* Task to carry out *
Reproduce the data below exactly as written. Pictures do not belong in the copy.

[Caption-style text data]

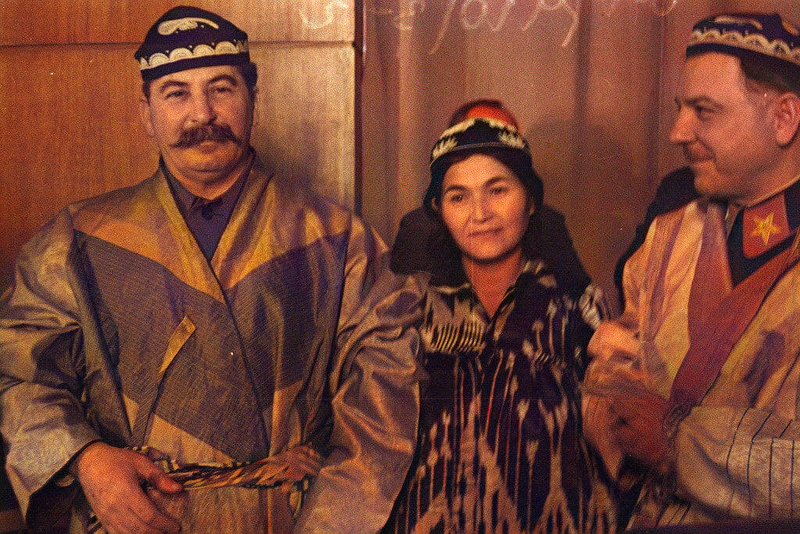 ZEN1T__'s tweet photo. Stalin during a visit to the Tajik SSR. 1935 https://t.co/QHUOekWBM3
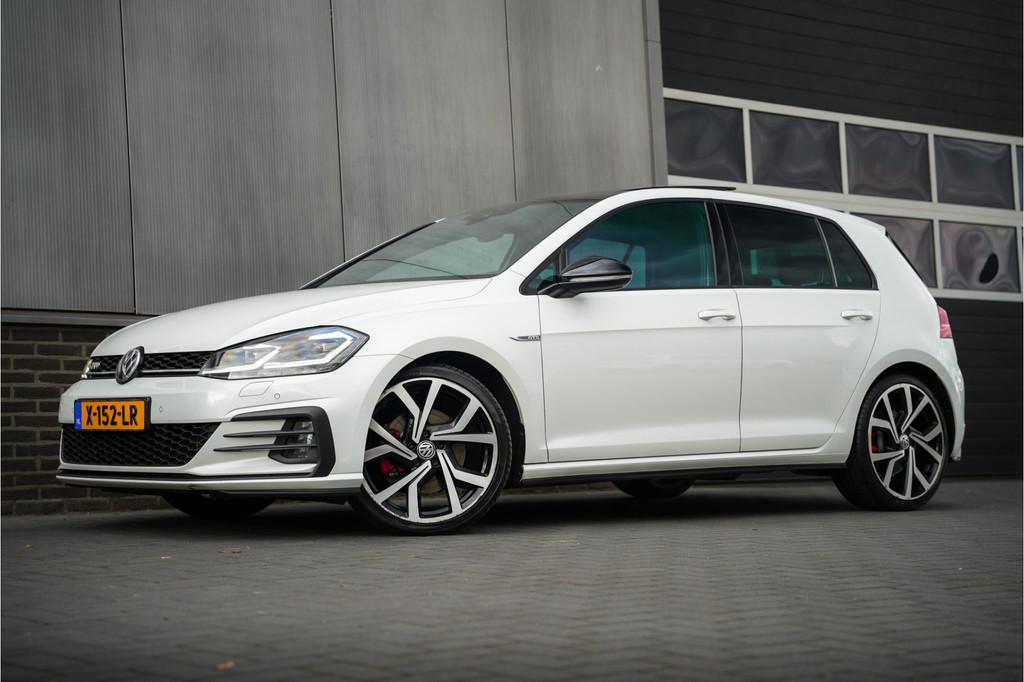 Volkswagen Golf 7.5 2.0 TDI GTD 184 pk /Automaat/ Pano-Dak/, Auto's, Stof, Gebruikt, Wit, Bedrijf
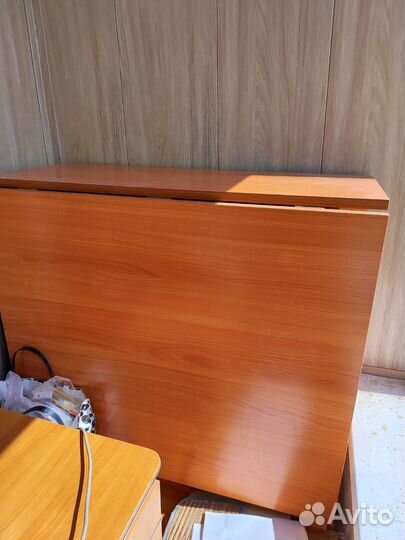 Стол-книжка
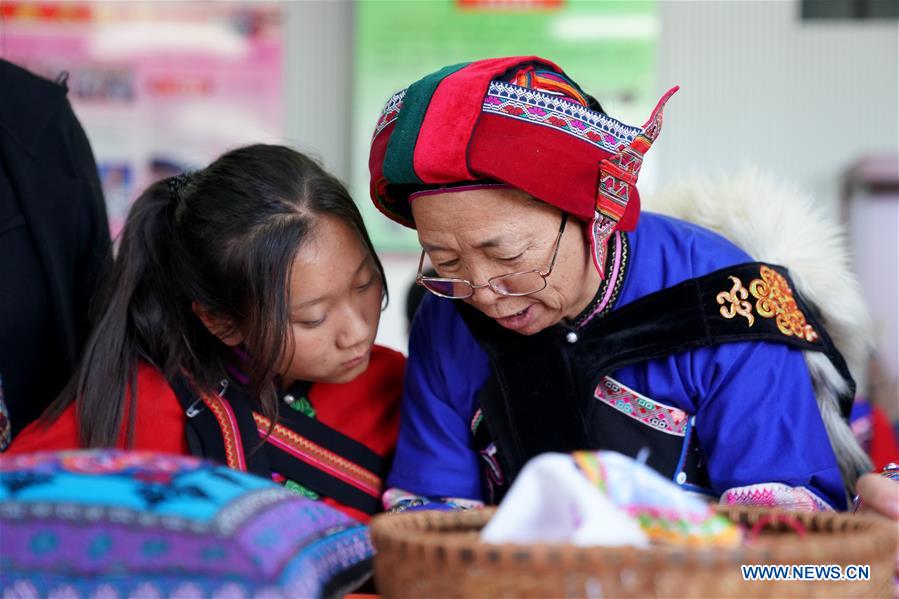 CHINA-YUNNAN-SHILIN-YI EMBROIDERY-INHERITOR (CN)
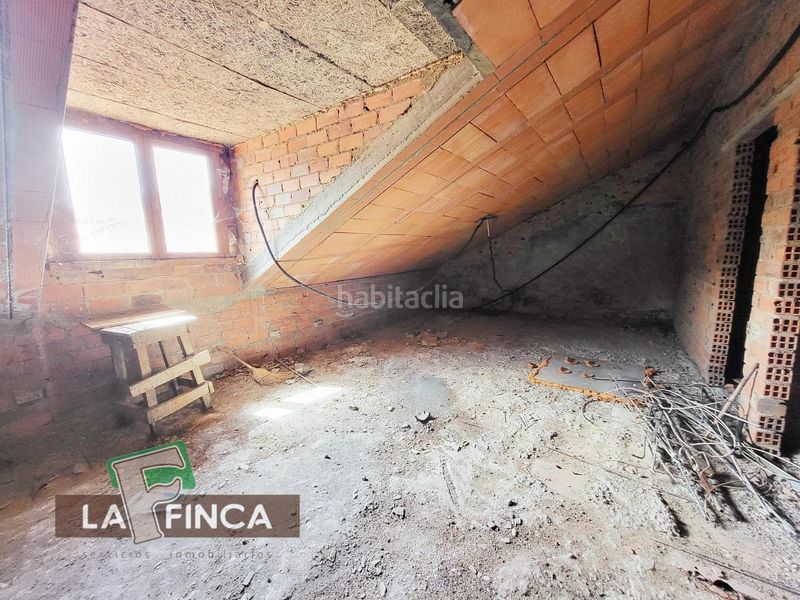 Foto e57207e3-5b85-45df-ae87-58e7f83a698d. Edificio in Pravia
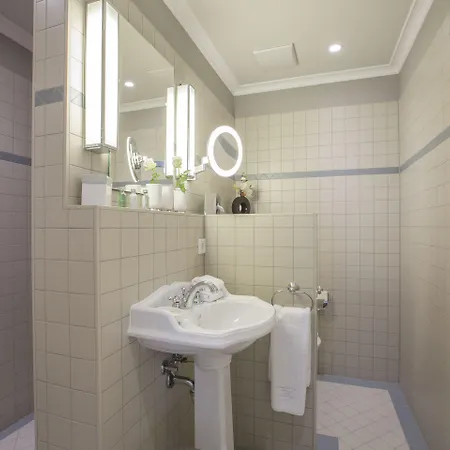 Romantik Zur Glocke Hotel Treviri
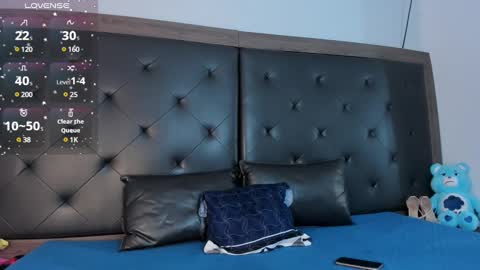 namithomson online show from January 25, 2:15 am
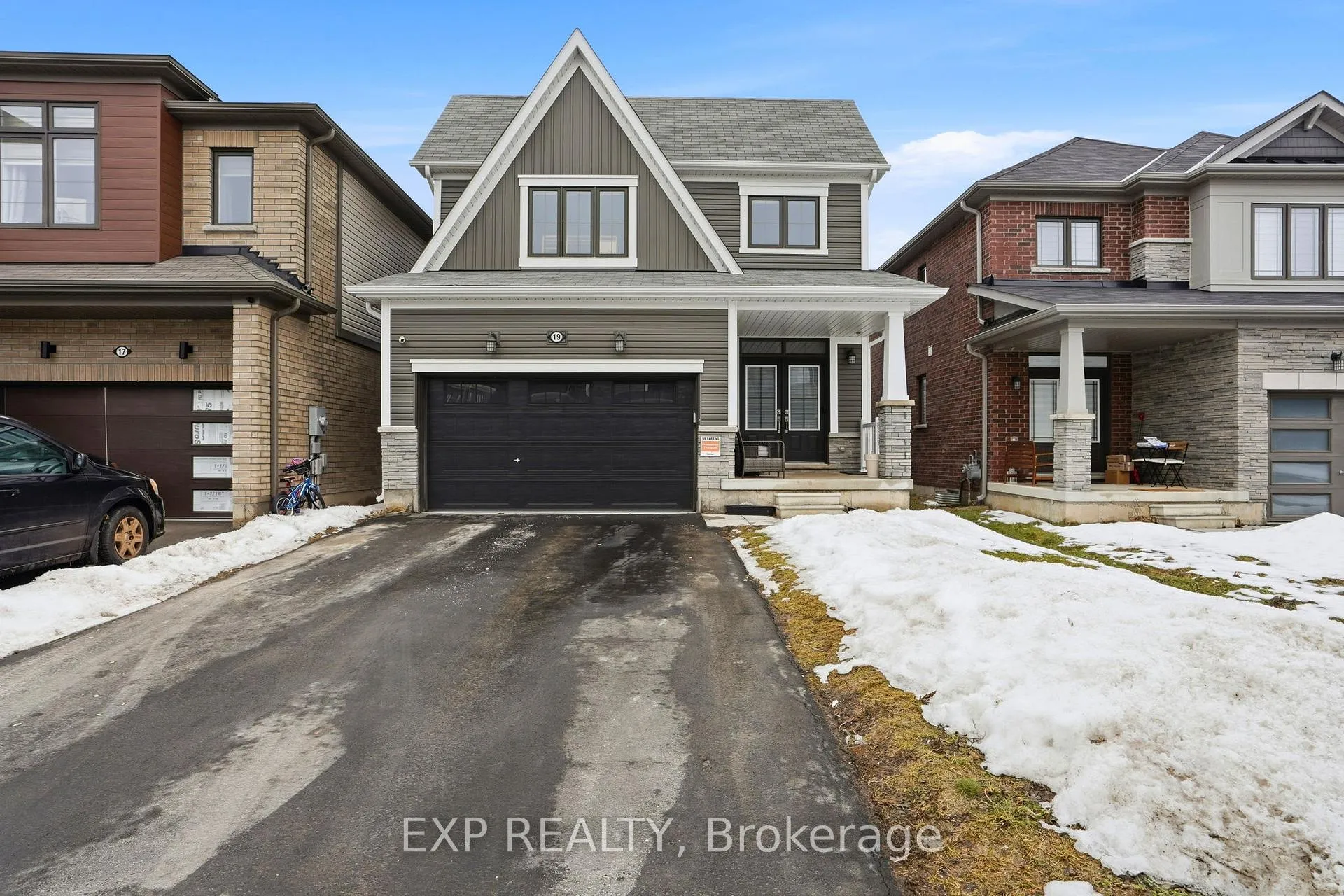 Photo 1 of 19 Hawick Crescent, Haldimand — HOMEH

* Result *
 ZEN1T__'s tweet photo. Stalin during a visit to the Tajik SSR. 1935 https://t.co/QHUOekWBM3
 Volkswagen Golf 7.5 2.0 TDI GTD 184 pk /Automaat/ Pano-Dak/, Auto's, Stof, Gebruikt, Wit, Bedrijf
 Стол-книжка
 CHINA-YUNNAN-SHILIN-YI EMBROIDERY-INHERITOR (CN)
 Foto e57207e3-5b85-45df-ae87-58e7f83a698d. Edificio in Pravia
 Romantik Zur Glocke Hotel Treviri
 namithomson online show from January 25, 2:15 am
 Photo 1 of 19 Hawick Crescent, Haldimand — HOMEH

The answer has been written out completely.